West Virginia was the first to feel the wrath, and the Pirates followed that on Tuesday night with their biggest victory under coach Kevin Willard, a stunningly one-sided 75-63 upset of No. 8 Connecticut that ended nearly 11 years of frustration against the Huskies.
"We liked our chances at home," said Pope, who had 15 points and eight rebounds. "After last week, ever since we got blown out by Syracuse, they punched us square in the mouth and we didn't like it. I watched what they did to us over and over for like 48 hours straight and it left a bad taste in my mouth. So I think we all decided that we had to be tough at home. We had to be the ones to terrorize the other teams when they play here, make them afraid to come here."
Seton Hall (13-2, 2-1 Big East) dominated Connecticut (12-2, 2-1) and in the process put themselves on the map.
"I'm sure we'll get some national attention, because this was a great win against a great program," Willard said.
After building a 13-point halftime lead, Theodore helped close out the game by scoring all 19 of his points in the second half. The Pirates did the rest on defense, holding Connecticut to a season-low 35.1 percent from the field.
Fuquan Edwin and Aaron Cosby had 12 apiece as the Pirates beat Connecticut for the first time since March 3, 2001 -- a span of 11 games. The win also snapped the Huskies' current seven-game overall winning streak.
Jeremy Lamb had 19 points as Connecticut played its final game without coach Jim Calhoun, who is serving a three-game NCAA suspension. Niels Giffey was the only other Huskie in double figures with 11.
Seton Hall also did an excellent job limiting point guard Shabazz Napier to 6 points on 2-of-12 shooting.
"We came out real well and they came back and punched us in the mouth a little bit and we failed to punch back the rest of the game," Connecticut forward Tyler Olander said.
Theodore said the Pirates felt Lamb was going to get his points, so they concentrated on guarding Napier.
"We just fought hard all night and controlled the game all night," said Theodore, who also had 11 assists. "The coaches did a great job of getting us prepared. We knew Lamb was going to get his, because he's a top five NBA pick in the draft. We weren't going to stop him. But as long as we worked on stopping everyone else, we had a good shot. I knew I had to change the game a little in the second half."
Associate head coach George Blaney ran the team in Calhoun's absence and he picked up a crucial technical foul early in the second half for arguing with the officials on a non-call on a shot with his team down 10.
Theodore made both free throws and that seemed to get him untracked after missing his first seven shots in the game.
With the Pirates leading 45-36 with just over 12 minutes to play, Theodore hit three 3-pointers and Cosby added another in a 12-6 spurt that pushed the lead to 57-42 and put the game away.
"Once I got it going, I just couldn't stop," Theodore said. "I felt it, felt the shot. It was great to get this win, because I never beat them before. I always wanted to be able to beat UConn."

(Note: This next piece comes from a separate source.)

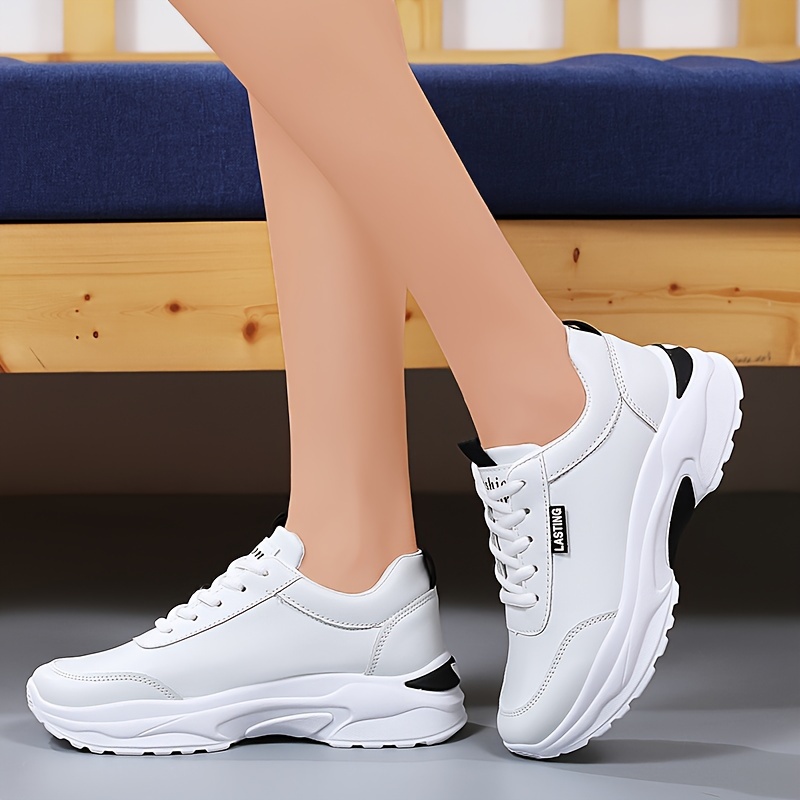 solid color casual sneakers women s lace comfy platform details 6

By the final minutes, Willard cleared his bench and the fans at the Prudential Center were chanting "Overrated" at the young Huskies, who will probably be met by an unhappy Calhoun on Wednesday. He will coach his first game back on Saturday at Rutgers.

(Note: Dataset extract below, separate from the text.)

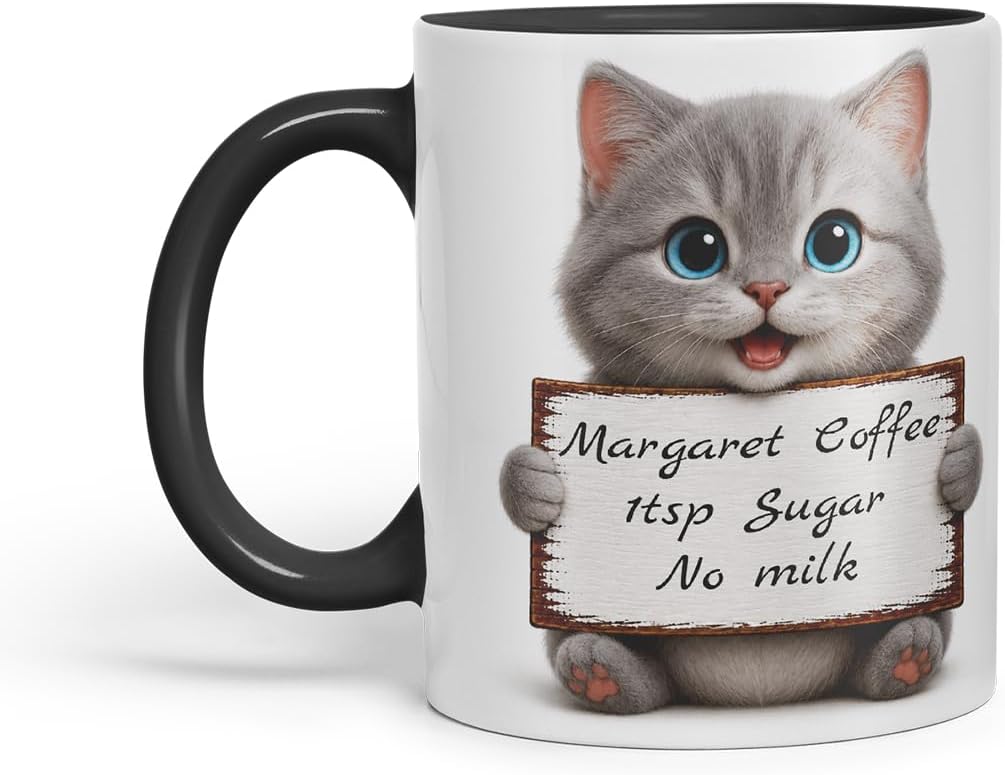 Vixar Personalised Grey Kitten Mug with Name or Custom Message – Cute Animal Coloured Ceramic Mug Cup Gift, 11oz (Black)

This game, however, was all Seton Hall after a slow start. That was remarkable, considering the Pirates had lost 25 of the last 27 games against Connecticut.
Seton Hall never trailed after closing the first half with a 16-3 spurt that Cosby ignited with a 3-pointer and Pope finished by putting back his own shot at the buzzer.
Things didn't look good for the Pirates early. Lamb hit a 3-pointer to cap a game-opening 11-2 spurt and Willard was forced to call an early timeout.
The next 16 or so minutes belonged to the Pirates. They outscored Connecticut 33-11 and took a 35-22 halftime lead. Edwin scored eight points in the run, Pope had seven and reserve Brandon Mobley added eight points and seven rebounds.
Connecticut did little right during a game in which the officials let the teams go at it, especially underneath. The Huskies made 4 of 19 shots after their initial run, turned the ball over 13 times in the half and had trouble getting the ball inside to Drummond.